(Caption-style text data)
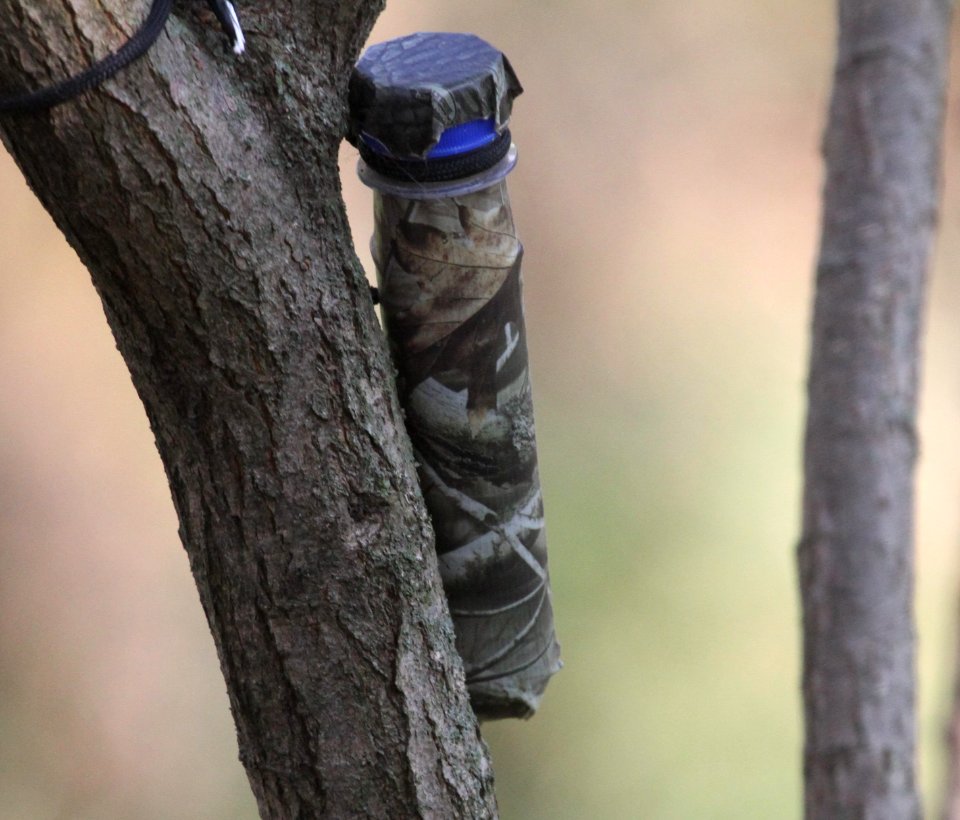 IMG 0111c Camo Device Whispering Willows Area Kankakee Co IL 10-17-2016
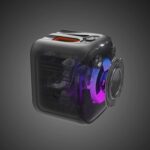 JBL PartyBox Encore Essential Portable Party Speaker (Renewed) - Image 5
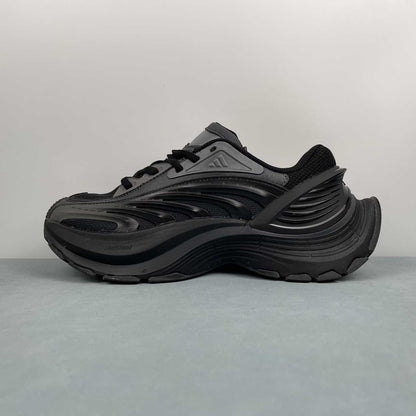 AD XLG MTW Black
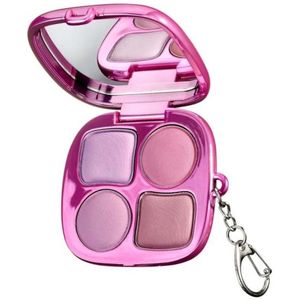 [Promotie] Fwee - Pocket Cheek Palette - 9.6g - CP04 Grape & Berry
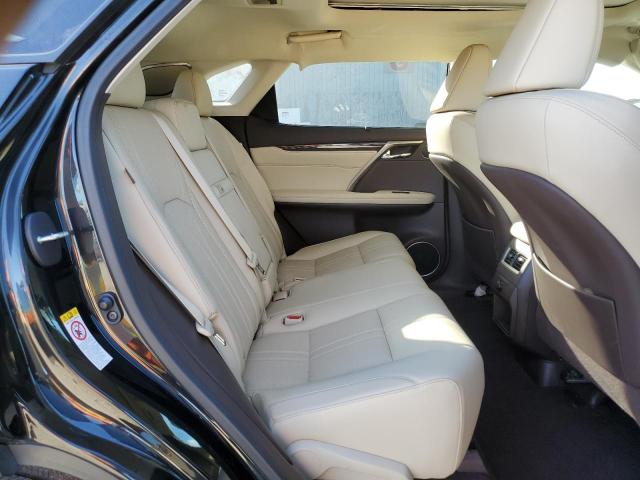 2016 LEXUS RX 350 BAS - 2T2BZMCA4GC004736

TASK:
Leaving the pictures out, set down all of the data again exactly.

RESULT FOR THIS TASK:
 IMG 0111c Camo Device Whispering Willows Area Kankakee Co IL 10-17-2016
 JBL PartyBox Encore Essential Portable Party Speaker (Renewed) - Image 5
 AD XLG MTW Black
 [Promotie] Fwee - Pocket Cheek Palette - 9.6g - CP04 Grape & Berry
 2016 LEXUS RX 350 BAS - 2T2BZMCA4GC004736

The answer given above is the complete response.